The arrival of the new year has brought with it a raft of new rules, regulations, restrictions and taxes for the mortgage and real estate industries. The one that has been getting the most attention is the federal ban on foreign property buyers.
Promised back in the April budget, it was finalized just 11 days before it was implemented. The federal government is touting the ban as a way to improve housing affordability for Canadians.
Non-Canadian entities, such as corporations, and foreign-controlled Canadian entities, will be banned from buying property. But there are doubts about how effective it will be.
There is limited data tracking foreign buyers and owners in Canada, the ban is in place for just two years, and there are numerous exemptions:
- International students who meet certain requirements, including having spent the bulk of the previous five years in Canada, would be able to purchase a property for no more than $500,000.
- Workers who have worked and filed tax returns in Canada for at least three out of the four years prior to purchasing a property.
- Diplomats, consular staff and members of international organizations living in Canada.
- Foreign nationals with temporary resident status, including refugees and people fleeing conflict.
- Buildings containing more than three dwelling units.
- Recreational properties, such as cottages, cabins and other vacation homes.
The government’s own numbers show non-residents play a small role in the country’s housing market. The Canadian Housing Statistics Program covers four provinces and one territory – B.C., Manitoba, Ontario, Nova Scotia and Nunavut.

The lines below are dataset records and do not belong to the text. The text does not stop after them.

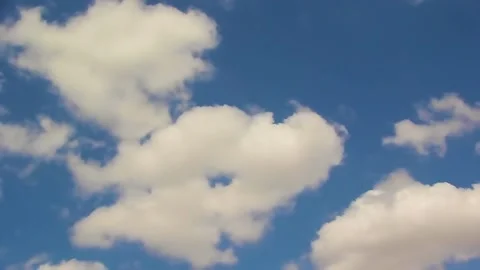 Clouds And Sky Timelapse Stock Footage 164654925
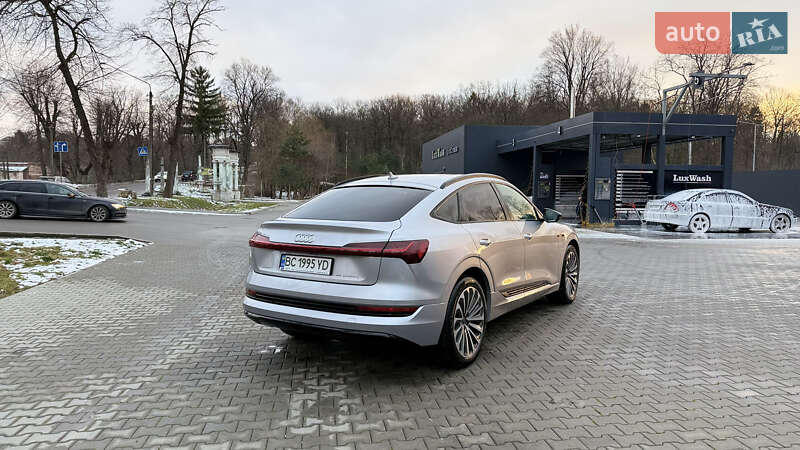 Фото Audi e-tron Sportback з оголошення AUTO.RIA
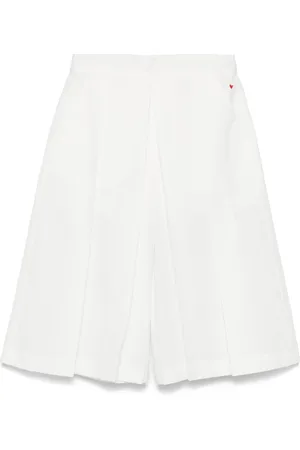 Simonetta Hose mit Bundfalten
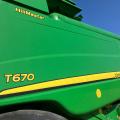 JD T670 Hillmaster - Only 804 & 1044 Hours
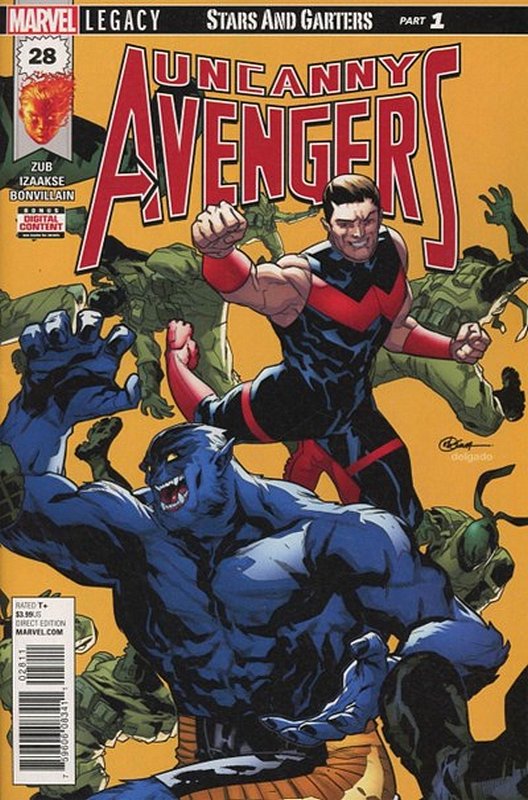 Cover of Uncanny Avengers (Vol 3) #28. One of 250,000 Vintage American Comics on sale from Krypton!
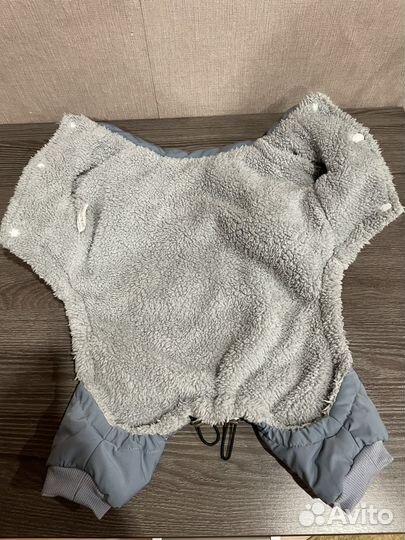 Зимний комбинезон для собаки xl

Its most recent figures date back to 2020 and show that between 2% and 6% of residential properties had at least one non-resident owner.
Information provided by Canada Mortgage and Housing indicates that the federal government has not done any modelling on the ban’s potential impact on home prices.
The New Zealand Experience
New Zealand implemented a foreign buyer ban in 2018. At the time 2.9% of homebuyers there were non-residents. Since then, the number has dropped to 0.4%, but home prices continued to soar. Like Canada, home price increases in New Zealand only turned around when interest rates started to rise, last year.
There are a number of real estate and housing policy experts, both here in Canada and in New Zealand, who call the ban a political policy, rather than an economic policy. Non-resident home buyers are a very small group and many of them are not eligible to vote. Therefore, they present a low political risk.
Mortgage professionals and realtors can expect to spend more time and, perhaps, more money checking a buyer’s eligibility to make a purchase and determining whether a property is residential or recreational.